Nos países desenvolvidos, nos quais a demanda por energia é muito grande, as usinas nucleares fazem parte da matriz energética há mais de 40 anos. Somente os Estados Unidos possuem mais de 100 usinas nucleares ativas, representando, aproximadamente, 20% da sua produção de energia elétrica. Na França, cerca de 80 % da energia elétrica produzida no país vem das usinas nucleares. De acordo com a Agência Internacional de Energia Atômica, mais de 60 países têm demonstrado interesse em saber como a energia nuclear pode ajudá-los a solucionar os problemas futuros devido à alta demanda energética. Especialmente nos países em desenvolvimento, o acesso à energia elétrica é fundamental para a redução do nível de pobreza, pois sem energia não há como sustentar a demanda crescente por saúde, educação, produção de alimentos e bens. No Brasil 76 % da energia elétrica é produzida por usinas hidroelétricas e apenas 3 % em usinas nucleares (Angra 1 e 2). A construção da Central Nuclear Almirante Álvaro Alberto, em Angra dos Reis, tem desempenhado um papel mais estratégico na produção de capacidade técnica para o país do que produzir energia.
A tecnologia de geração de eletricidade por reatores nucleares tem se firmado como a melhor opção, com projetos cada vez mais seguros, para atender à grande demanda mundial por energia, contando ainda com crescente apoio de ambientalistas.
A decisão pela construção de uma usina nuclear não é um processo simples. O custo de construção de uma usina nuclear gira em torno de US$ 4 bilhões, levando cerca de dez anos para se criar a infraestrutura necessária. No entanto, uma vez construídas, as usinas nucleares são baratas de se manter. Embora a operação de uma usina nuclear seja limpa, o ciclo do combustível nuclear (extração enriquecimento - utilização na usina reciclagem armazenamento dos resíduos) é um processo poluidor e que também gera gases de efeito estufa. O principal alvo das críticas sobre as usinas nucleares, além da segurança, é justamente com relação à etapa final do ciclo do combustível nuclear: o armazenamento dos resíduos radioativos. Os resíduos radioativos finais que uma usina produz, mesmo depois de desligada ao final de sua vida útil, podem permanecer substancialmente ativos por pelo menos 300 anos. Piscinas para armazenamento de resíduos são normalmente construídas dentro das próprias usinas, porém quando se tem uma grande produção de resíduos, depósitos seguros para armazenamento definitivo são necessários, como por exemplo, depósitos geológicos ou oceânicos de grande profundidade.

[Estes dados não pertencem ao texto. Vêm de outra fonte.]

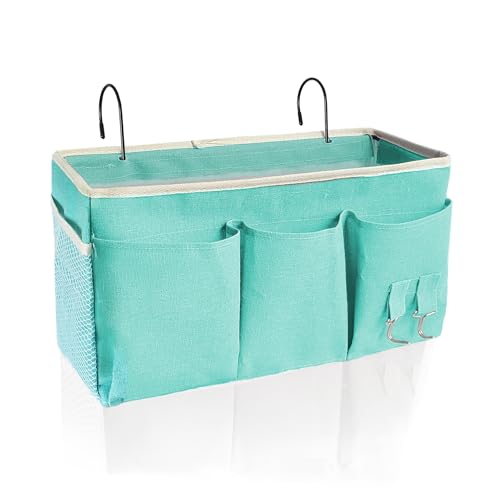 Bedside Caddy, Bedside Hanging Storage Organizer forBunk and Hospital Beds,College Dorm Bed，Can be Placed Glasses Books Mobile Phones(Green) - color: Green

O acidente radiológico de Goiânia, em 1987, no qual catadores de sucata desmontaram inadvertidamente um equipamento de radioterapia abandonado, foi uma amarga experiência vivida pelo governo brasileiro sobre a dificuldade de lidar com resíduos radioativos. A limpeza da área contaminada com cloreto de césio-137 produziu mais de 13 toneladas de lixo atômico que tiveram que ser cuidadosamente acondicionadas em 2.900 tambores, que emitirão radiação em níveis perigosos por pelo menos 180 anos. Para a estocagem desse lixo, foi construído no município de Abadia de Goiás um depósito em forma de vala, com 30 metros de profundidade, revestido de grossas paredes de concreto e chumbo e, sobre esta vala, foi erguida uma montanha de terra.
No mundo todo existem mais de 130 usinas nucleares ativas ou em construção com capacidade de geração acima 1 mil MW cada. A preocupação com a crescente produção de resíduos radioativos e seu armazenamento seguro, longe da atividade humana, tem sido o grande desafio a ser vencido por esta importante tecnologia.
Rogério Toniolo, doutor em Física pela UFPR, é professor de Física da PUCPR.